Já o Avô Cantigas nunca me convenceu muito. No inicio da sua carreira era um jovem homem saltitão com uma peruca branca e uns óculos com umas jardineiras a fazer de avô. Mais tarde, mais velho a fazer de avô jovial. Cantas bem, mas não me alegras. Com todo o respeito pelo Carlos Alberto Vidal, que ao que consta antes de ser o avô cantigas, foi considerado nos anos 70 o pioneiro do rock progressivo com o seu álbum Changri-lá. E esta, hein?
Olhando à distância que os ícones da minha infância era tudo malta de esquerda! O Barata Moura,que além de cantor é da filosofia e foi reitor da universidade de Lisboa, foi e talvez ainda seja do Partido Comunista. O Sérgio Godinho que também é um cantor de intervenção para adultos e crianças também é da malta da esquerda. Esses jargões de direita e esquerda até já podem estar um pouco ultrapassados, mas o que é facto é que alguém que abre alas, rompe com a mentalidade conservadora, tacanha, provinciana dum país com a mania das grandezas em que a distribuição é só para uns tantos fazem toda a diferença na formação de um cidadão e cidadã desde a mais tenra idade.
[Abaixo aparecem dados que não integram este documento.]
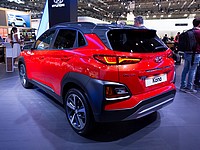 Компания Hyundai представила новый электромобиль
Ah! O José Saramago, que ganhou o primeiro Nobel da literatura, também era comuna! Eu já conheci muitos comunas portugueses e devo dizer quando estes quando estão na oposição fazem um trabalho incrível. Uns, nem todos. Mas alguns, nem todos, quando chegam ao poder é um "vê se te avias", é um ' quem parte e reparte e não fica com a melhor parte ou é tolo ou não tem arte". Outros ainda infantilizam as gerações seguintes, nomeadamente a minha. Pois acham que eles são os guardiões da revolução e nós não entendemos nada de nada. Talvez por isso as coisas chegaram no ponto em que estão. Um neo liberalismo a dar ares de democracia.
Da minha parte só posso agradecer a estas figuras que fizeram a sua parte nomeadamente junto de nós crianças dessa época. E que hoje podemos olhar para trás com sentido crítico e entender um pouco melhor o que ainda faz sentido, o que não faz mais sentido e o que podemos agregar à utopia de estarmos unidos com solidariedade, humanismo e afeto.